### Problem to solve
In the listing, locate the line containing "AngrryLab File Hosting", then quote it and all following lines exactly. Omit pictures.

------ Records provided ------

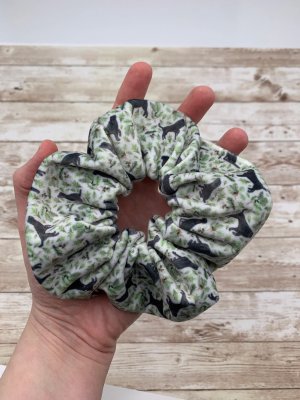 Labrador retriever (svart) scrunchie Samantha Hall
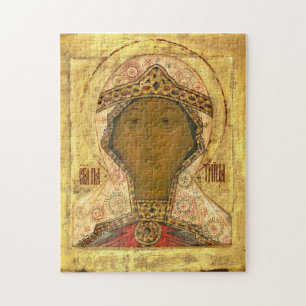 Quebra-cabeça Ícone Ortodoxo Cristão de Sta. Paraskeva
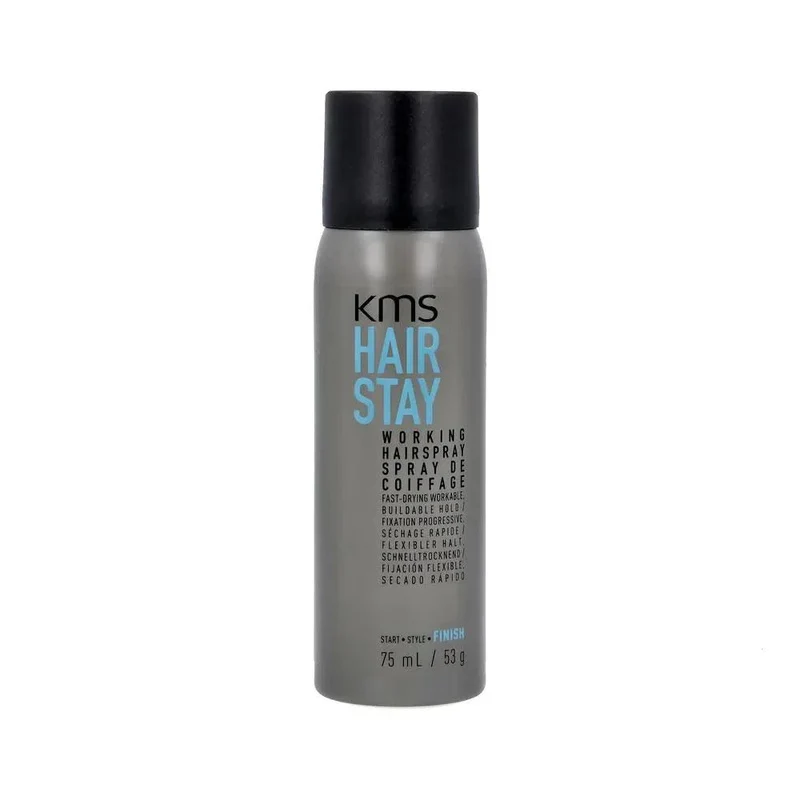 Kms Hair Stay Working Hairspray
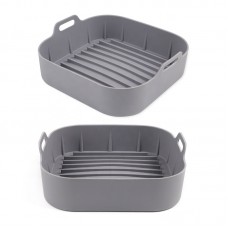 Custom Non-Stick Reusable Compatible Silicone Air Fryer Basket Liner
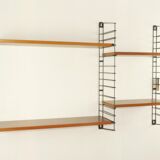 Tomado double wood shelf.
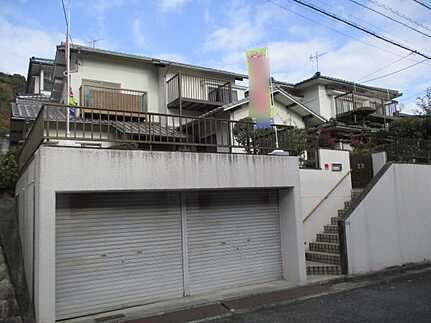 広島市西区己斐上２丁目　中古一戸建て(A)の外観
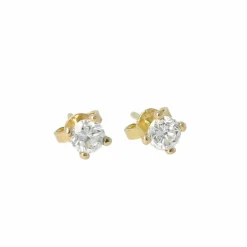 BOUCLES D'OREILLES OR & DIAMANTS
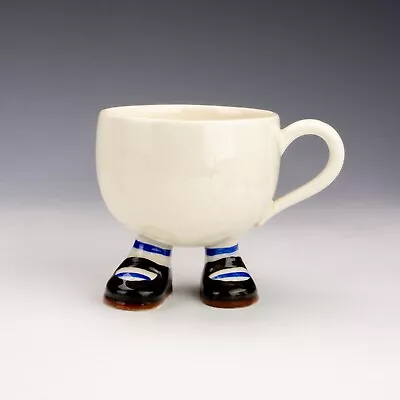 Buy Vintage Carlton Ware Pottery - Walking Wear Mug - With Black Sandals • 9.99£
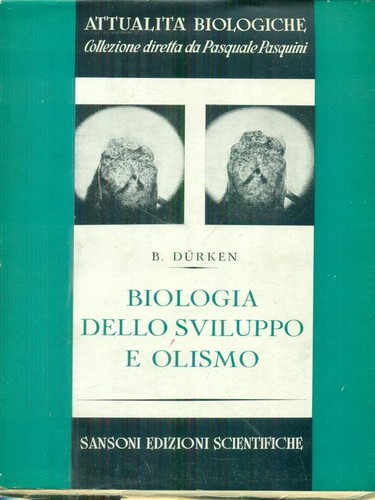 Biologia dello sviluppo - sviluppo, e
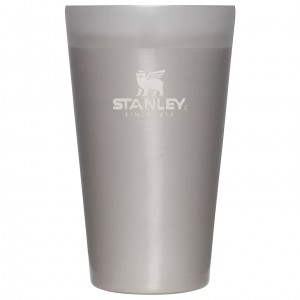 Stanley Adventure Stacking Stainless Steel Beer Pint | 16oz Tumbler Stainless Steel | WXOZU-0936
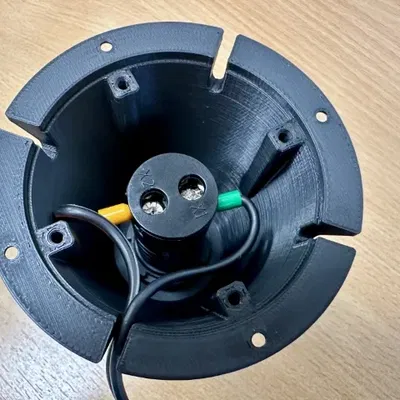 Giá đỡ đèn tín hiệu bàn nhỏ với buzzer và LED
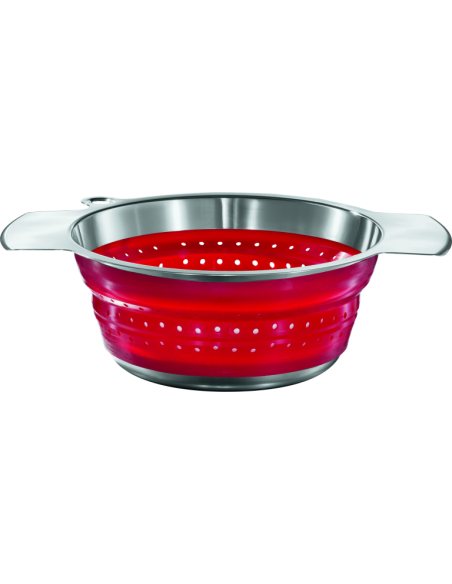 Rösle Opvouwbaar Vergiet Rood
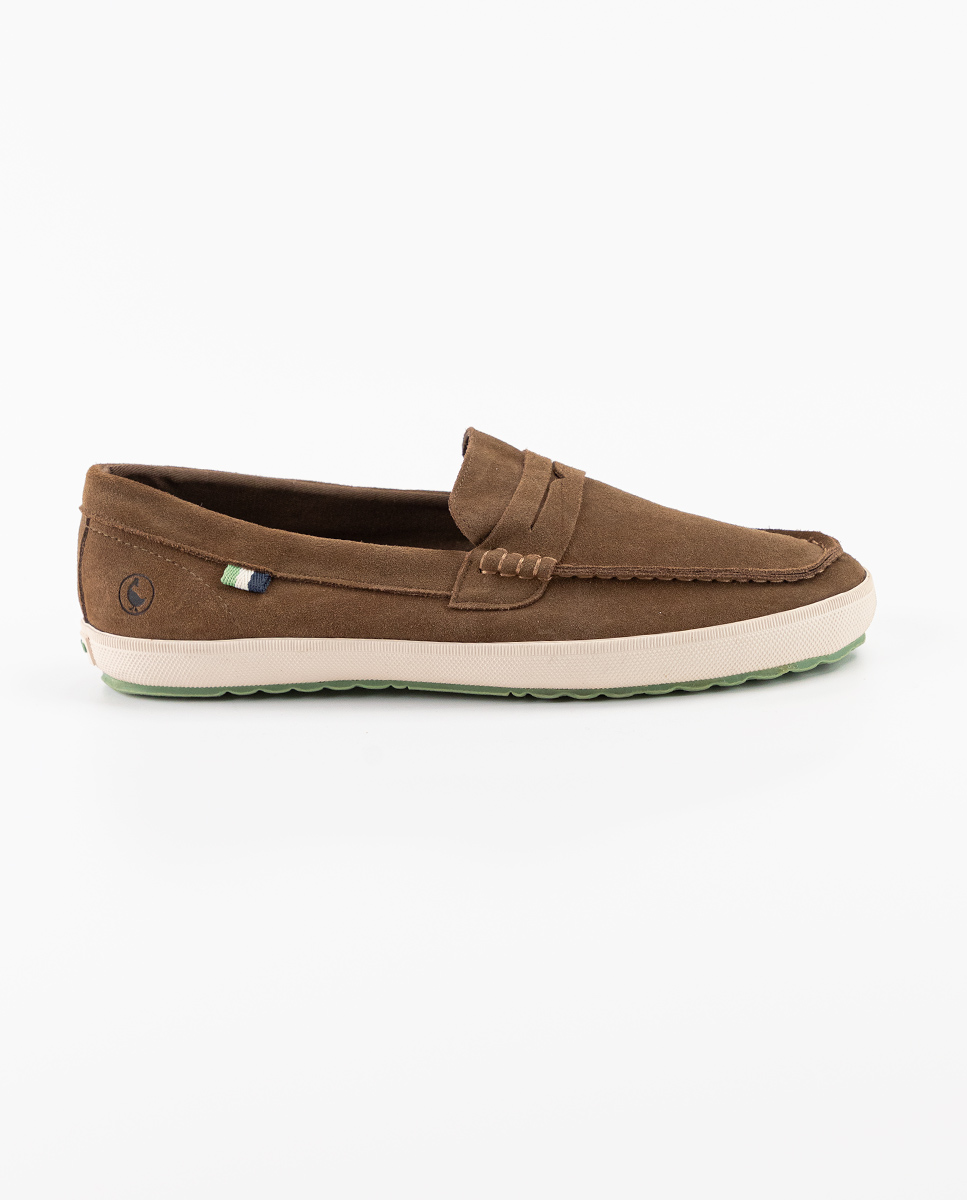 Milan Ante Sneaker Marrón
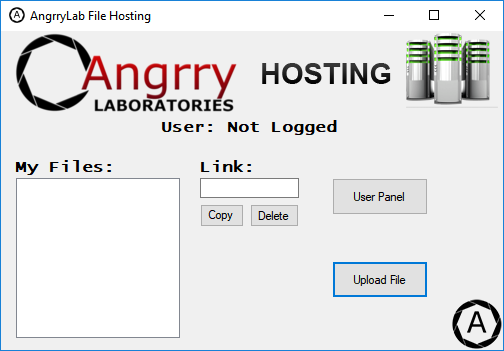AngrryLab File Hosting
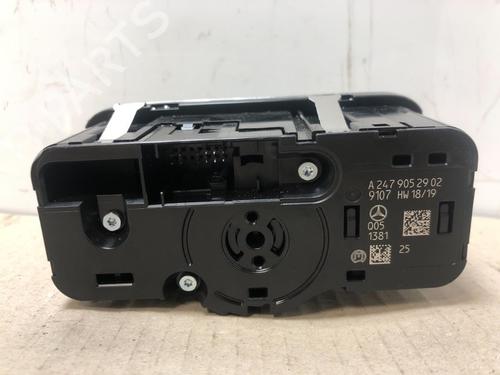 Headlight switch MERCEDES-BENZ B-CLASS Sports Tourer (W247) B 200 d (247.012) | BP16379616I24 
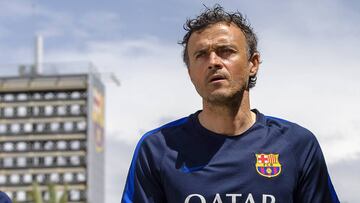 Luis Enrique: "Los catalanes son la hostia, están muy adelantados"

------

### Answer to this exercise
AngrryLab File Hosting
 Headlight switch MERCEDES-BENZ B-CLASS Sports Tourer (W247) B 200 d (247.012) | BP16379616I24 
 Luis Enrique: "Los catalanes son la hostia, están muy adelantados"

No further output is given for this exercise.